Have fun and be careful. We are in for some possibly nasty weather Thursday, so watch them clouds and feel the air. Look forward to ya reporting back.


----------



## UncleJoe (Jan 11, 2009)

8thDayStranger said:


> If you don't hear from me in three days it was a complete failure and we have died on a mountain top.


Now that doesn't sound very promising. I realize you haven't been here long but didn't you get anything from us? 

Enjoy your time away. :wave:


----------



## 8thDayStranger (Jan 30, 2013)

Still alive!! Got pretty cold last night but it was bearable. Got up this morning and made my coffee. Hiked down to get cell reception and it looks like we got some rain moving in mid day so we may pack up early if it gets too bad. No sense in being miserable if we don't have to.
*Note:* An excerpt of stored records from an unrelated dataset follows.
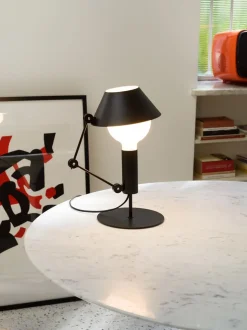 Lampada da tavolo Nemo Mr. light stile Design con forte sconto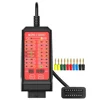WOYO CTB007 CAN Tester Pin Settings Diagnostic Tool OBD2 16Pin Break Out Box Communication Detection Auto ECU Diagnosis Scanner 2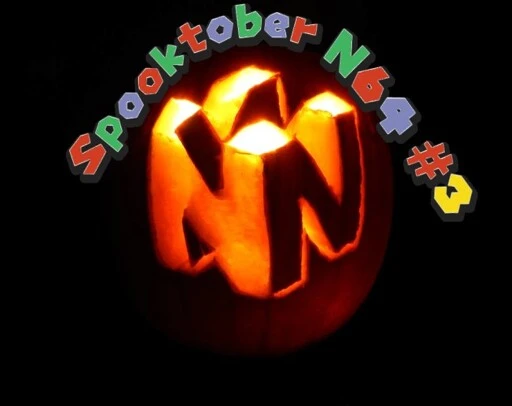 Spooktober N64 Style Graphics Jam #3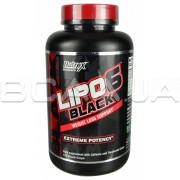Lipo-6 Black Extreme Potency Weight Loss 120 Black-Caps (EU)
So far the trip is going great though. The misses made her first fire without matches or a lighter. Worked hard getting camp set up yesterday. Today we are exploring the mountain and looking for water. There's a creek that runs around the valley on the back side of camp but we didn't go down yesterday. I'm also practicing snares today. Had a squirrel taunting us about 7 last night. I saw him and got the 22 to take him out and he holed up in a tree for a while. By the time he came down it was too dark to get a shot. He ran around the back of the camp for an hour barking and stirring leaves. I hope he's as brave today.

This is camp this morning.









The misses has more pics on her phone so later ill put some more up.


----------



## ras1219como (Jan 15, 2013)

Sounds like a fun trip! Good thing about squirrels is their curiosity always gets the best of them and they'll come out to check on you...and that's when you get em


----------



## 8thDayStranger (Jan 30, 2013)

So unfortunately we called it early. It started raining and it looks like a long soaker so we are home now. Neither one of us liked the idea of packing wet gear of the mountain. It was a nice hike to the jeep when it was dry. Down the mountain on wet rocks in the rain with 50 lb pack sounded like a bad idea on a practice run.

We did hike down the back side of the mountain and found a spring very close by. Hiked down the creek and had a great time looking up plants in the plant guide. Circled the entire property. Next trip we explore the north side and the top of the south side. All in all it was great fun. Wish we'd had one more day though. It was nice to stretch out on the couch though. Forgot how much fun it was sleeping on a rock in 30 degree weather lol. We did have a mattress of leaves covered by a tarp but my back was aching coming down the mountain when we left.









This is the spring









And the creek we hiked


----------



## Toffee (Mar 13, 2012)

Well, I'm glad you made it back safe. Sounds like a great place to bug out, too.


----------



## d_saum (Jan 17, 2012)

Very much awesome! what part of the country is that? I'm going to be doing a bugout here soon as well.. thanks for the inspiration! 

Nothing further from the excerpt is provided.